■ Your goal ■
Starting at the line below that contains "Cook fish Vector Illustration" and ending at the line that contains "Фалоімітатор SLIDING-SKIN DILDO", retype each line exactly as it stands, but omit the pictures.

■ Material to process ■
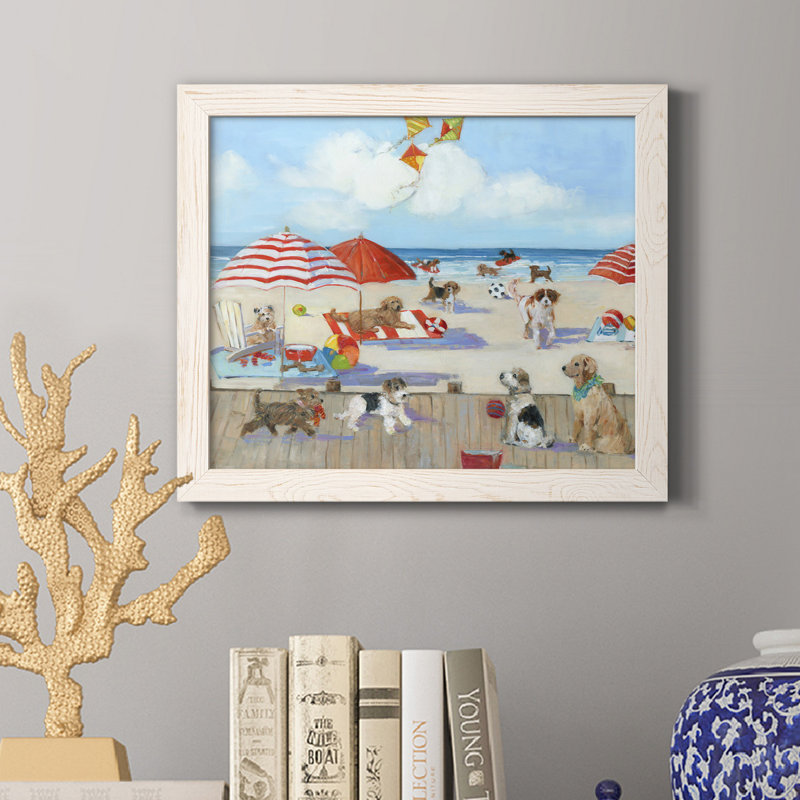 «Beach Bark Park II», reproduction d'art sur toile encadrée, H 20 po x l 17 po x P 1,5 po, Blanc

==

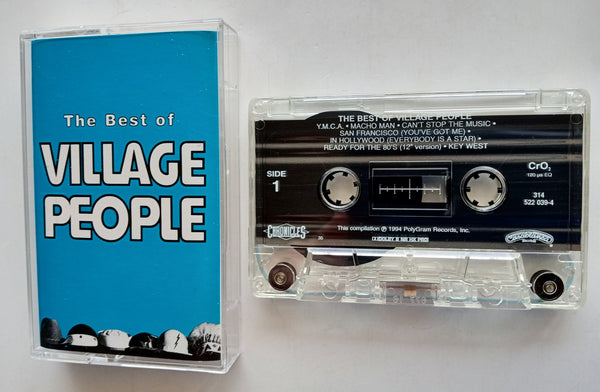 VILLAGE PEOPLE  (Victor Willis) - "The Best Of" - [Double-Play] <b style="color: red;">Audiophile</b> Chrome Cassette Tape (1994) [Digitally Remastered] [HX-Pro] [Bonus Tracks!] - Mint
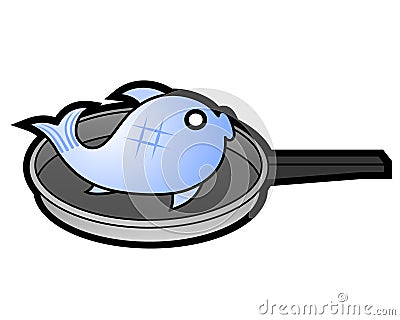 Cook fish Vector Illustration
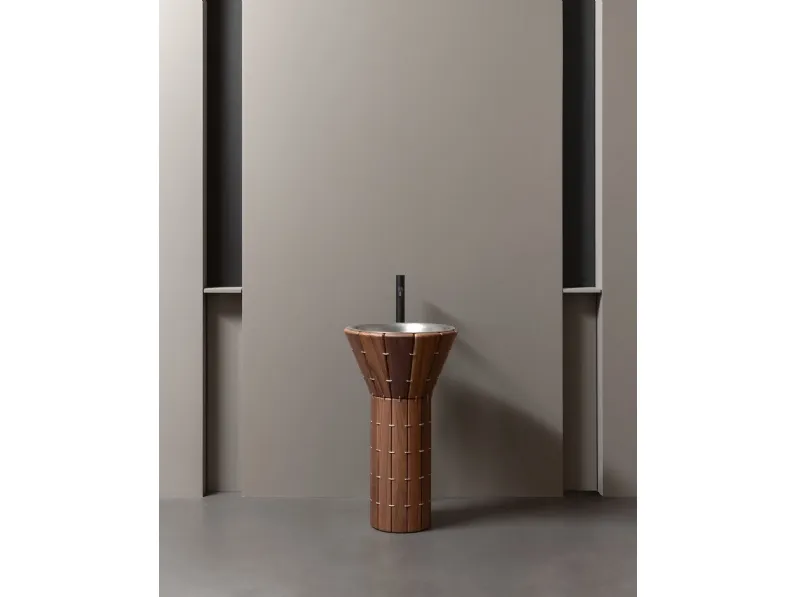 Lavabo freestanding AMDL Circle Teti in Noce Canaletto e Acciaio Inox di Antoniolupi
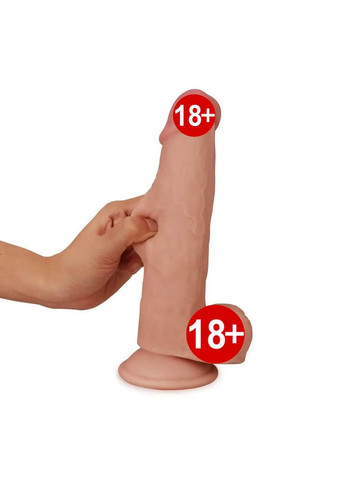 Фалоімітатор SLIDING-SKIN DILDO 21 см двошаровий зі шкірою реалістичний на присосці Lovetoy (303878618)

■ Reply ■
 Cook fish Vector Illustration
 Lavabo freestanding AMDL Circle Teti in Noce Canaletto e Acciaio Inox di Antoniolupi
 Фалоімітатор SLIDING-SKIN DILDO 21 см двошаровий зі шкірою реалістичний на присосці Lovetoy (303878618)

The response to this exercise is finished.